The first line after the import command and parameter definitions in the code above instantiates estimator as an object belonging to class Perceptron. This object is essentially a matrix. It is not really a matrix. It is an object of class Parametrization, which inherits from class nn.module. This endows it with methods which allow the computation of gradients. But this is transparent to us. All that matters is that estimator is a matrix that we are learning. If we want to access the actual matrix we have to call estimator.w.

The second line specifies the optimization method, which we choose to be SGD. In the specification of the optimization method, the important argument is the passing of estimator.parameters(). This is telling the optimizer which are the variables that have to be updated, or trained. If we recall the definition of the Parametrization class, we see that it contains a command in the __init__ method that specifies the trainable parameters. That command says that the trainable parameter is the attribute w.

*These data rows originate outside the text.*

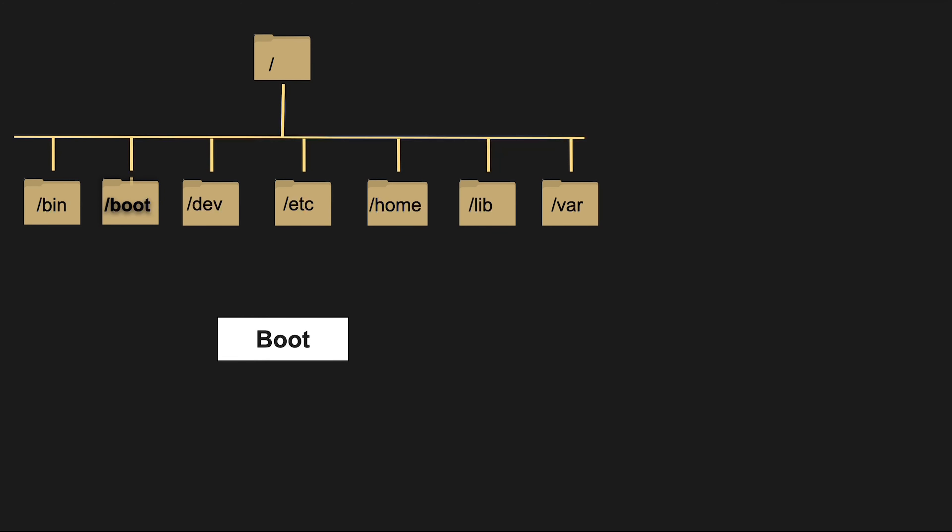/boot contains the files needed for the initial booting process, including the Linux kernel and bootloader configuration files, so don't mess with it.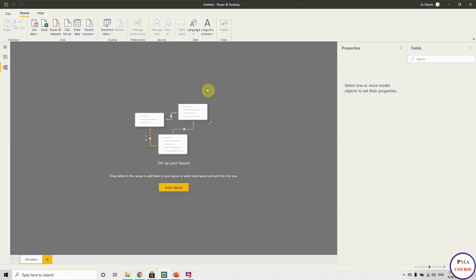This was quick navigation for Power BI. See you next session.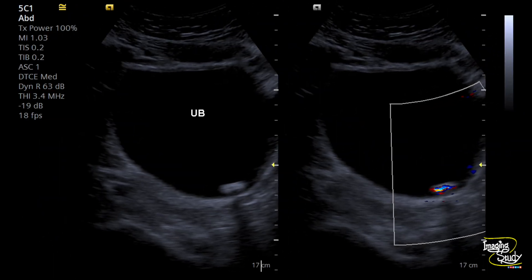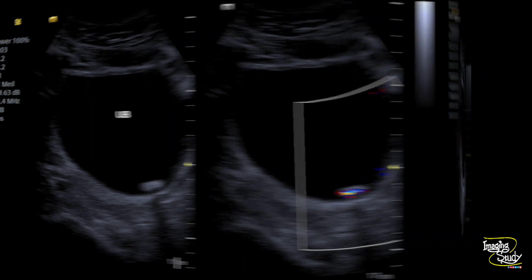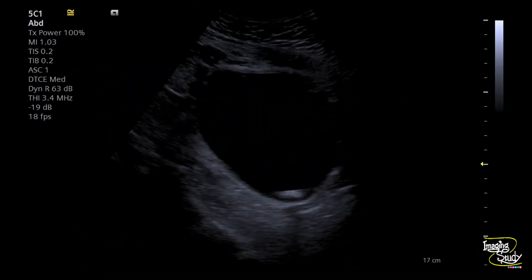Here is another image of the calculus. You can see the posterior acoustic shadow on grayscale and the twinkling artifact on color Doppler. Here is another image of this stone.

When we pass estimator.parameters() to the optimizer, we are therefore telling the optimizer that it has to update the variable w.

Then we instantiate the torch Dataloader class, which we will use to iterate over the data batches.

Note that we write our training as two nested for loops. The outermost loop iterates n_epoch times over the whole dataset. The loop inner loop iterates over the whole dataset. In each iteration we access a batch and perform two actions: (i) we compute stochastic gradients. (ii) We perform a SGD step by calling optimizer.step().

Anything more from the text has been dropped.